Jeremy Corbyn has hit out at Labour MPs who quit the party to sit alongside former Tories in the new Independent Group.
Speaking at the same rally, shadow foreign secretary Emily Thornberry said she would "rather die" than join any other party.
Mr Corbyn said MPs like Chris Leslie, who fought the last election on a Labour manifesto opposed to Conservative austerity, were now working with ex-Tories Anna Soubry, who supported the cuts.
Speaking at a rally in Ms Soubry’s Broxtowe constituency, he said that while he was “sad” some MPs had left, he had no intention of changing the policies which delivered the biggest increase in the Labour vote since 1945.
“I’m obviously very sad at some of the things that have happened and very sad at some of the things that have been said,” he said.

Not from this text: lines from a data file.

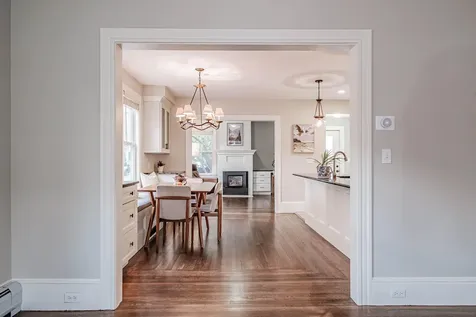 59 Moody Street Portland ME 04101
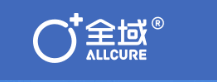 全域医疗--医疗技术管理服务商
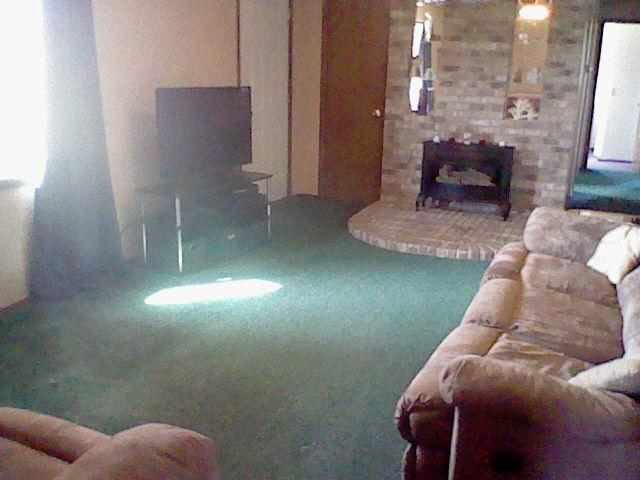 3309 County Road 53, Butler, IN 46721 photo 8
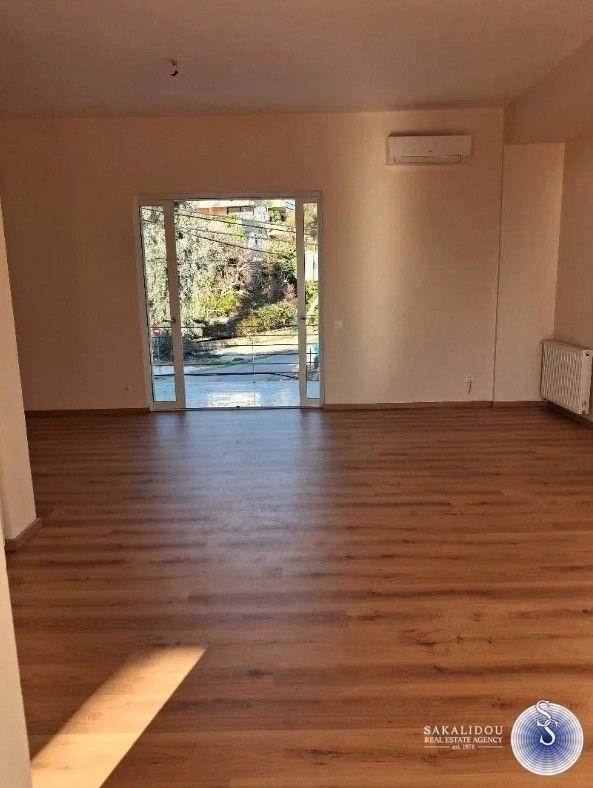 (For Rent) Residential Apartment || East Attica/Voula - 115 Sq.m, 2 Bedrooms, 1.500€ 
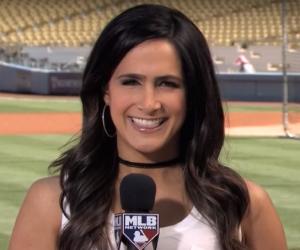 Lauren Shehadi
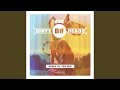 Spread Too Thin by Dirty Heads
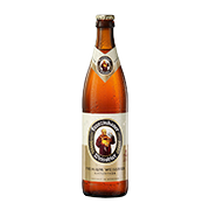 Franziskaner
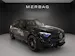 Mercedes-Benz GLC 53 AMG 4Matic+ 9G-Tronic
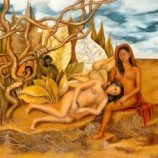A Energia Sexual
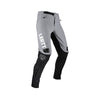 MTB Gravity 4.0 Pants Titanium 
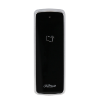 ■ Giao tiếp RS485 hoặc Wiegand
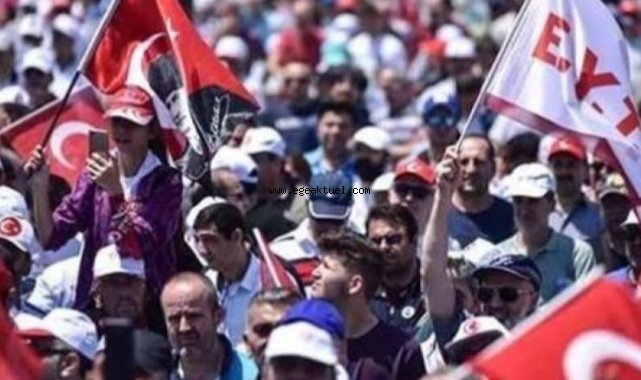 İşte EYT'de emeklilik şartlarının listesi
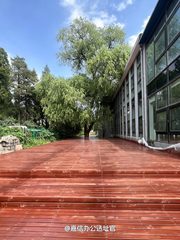 双桥独栋800平 紧邻主街带院 - 缩略图 3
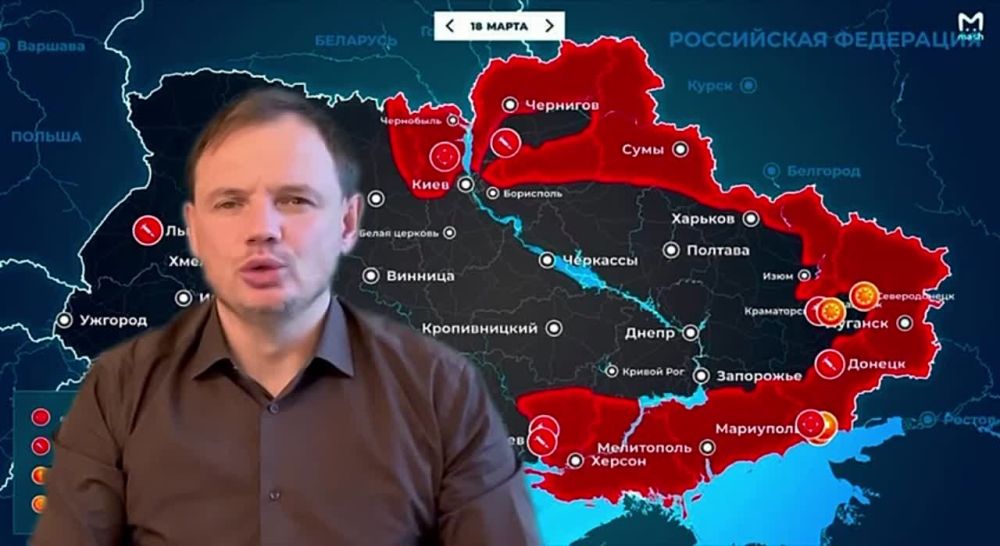 �� ����� ������ � ���������� ������� ��������� � ���� ���������� ������ �����������, � ������ ����������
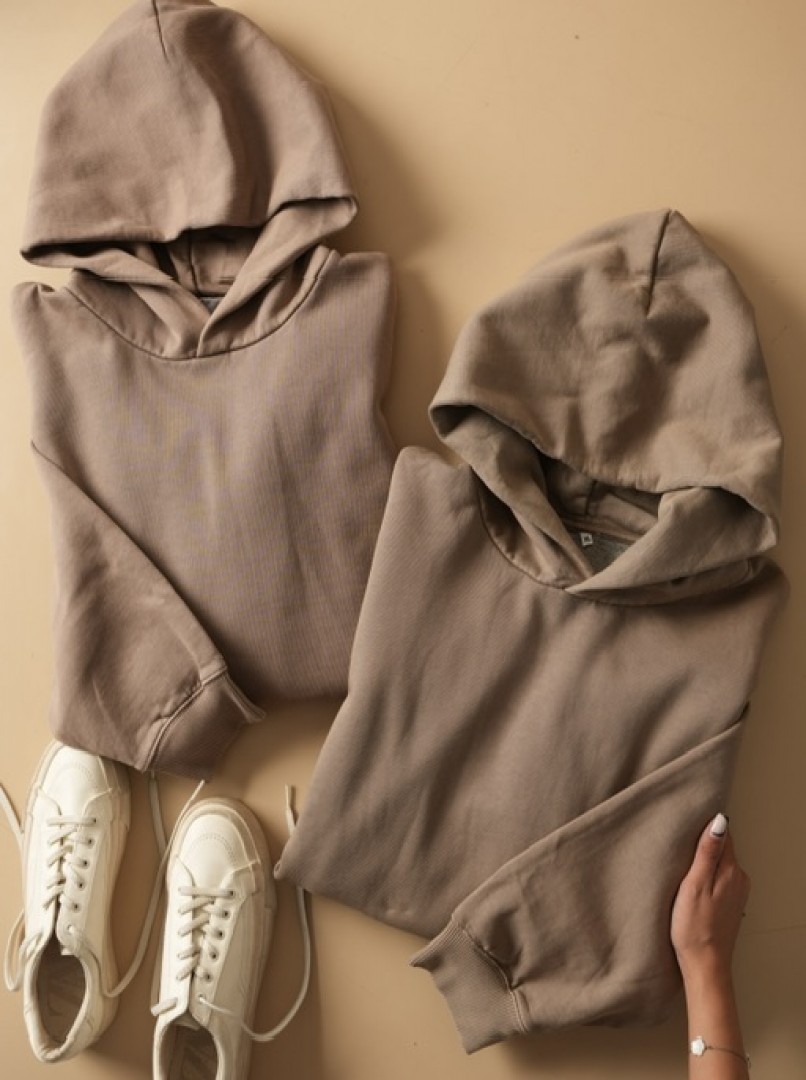 هودی دورس تو‌کرکدی کد1132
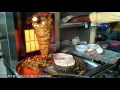 Best Shawarma in CHENNAI  || Indian Street Food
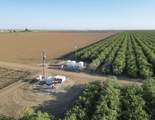 0 Lassen Avenue - Photo 17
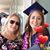 Livia Mehr's profile image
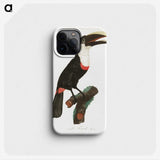 1-19_Des-Oiseaux-de-Paradis_phone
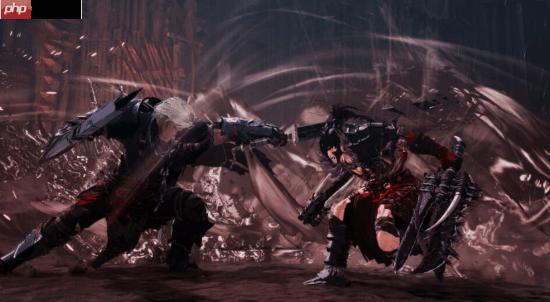 外媒评选2025年最难的15款游戏:两款国产游戏上榜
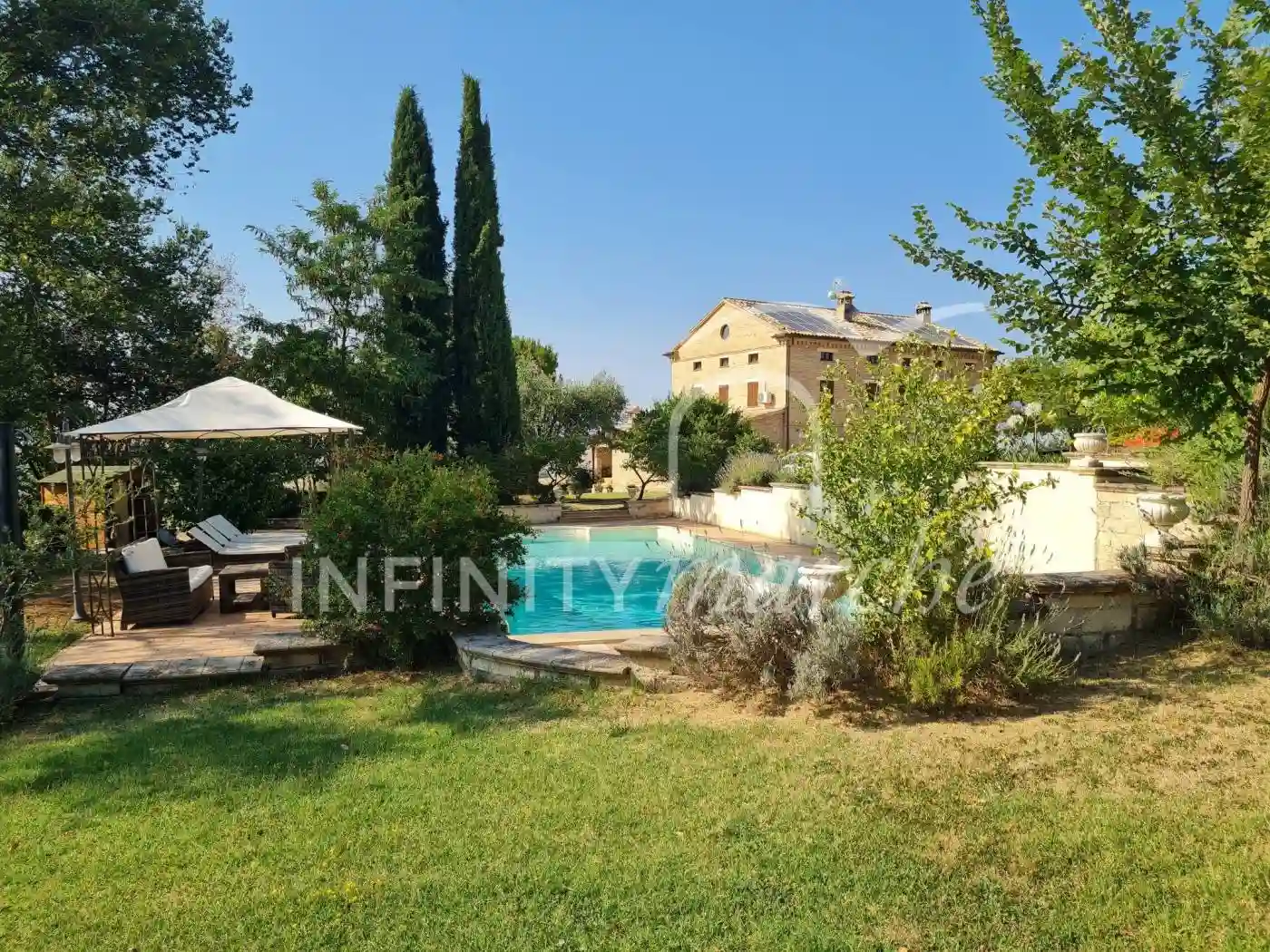 Rustico - Casale - foto 2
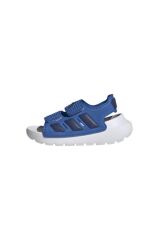 adidas Altaswım 2.0 Çocuk Sandalet Mavi ID0308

“Walking away from our movement achieves nothing.
"Not understanding where we have come from is a bad mistake.
“So, when the media talk about the bravery of those who walk away, Anna Soubry voted for austerity and said it was a good thing.
“Almost immediately after leaving Chris Leslie tells us that we should not be ending university fees, we should not be increasing the tax for the richest in the country, we should be cutting corporation tax and increasing the burden on others.
“I tell you what, the Labour Party believes in equality and justice.
"That is what was the centre of our manifesto and that is what will be at the centre of the next manifesto whenever that election comes.”
Also addressing the rally, Ms Thornberry told those gathered that they all had "a great deal in common and the biggest thing we have in common is the fact that we are Labour.
"We are Labour to the core and Labour to the tips of our fingerprints - and we would rather die than join any other party and we would never think of joining the other eight people who have decided to abandon Labour and cuddle up to the Tories.
"We would never do that."
The pair's speeches came at the end of a week which saw nine MPs quit the Labour Party – eight of them to join The Independent Group (TIG) – amid anger over the party’s position on Europe and anti-Semitism within its ranks.
Despite complaints by Jewish MP Luciana Berger and others that the leadership has consistently failed to deal with the issue within the party, Mr Corbyn insisted anti-Semitism was “unacceptable” in the party.
“When people are racist to each other, then we oppose it in any way whatsoever,” he said.
“If anyone is racist towards anyone else in our party – wrong. Out of court, out of order, totally and absolutely unacceptable.
“Anti-Semitism is unacceptable in any form and in any way whatsoever, and anywhere in our society.”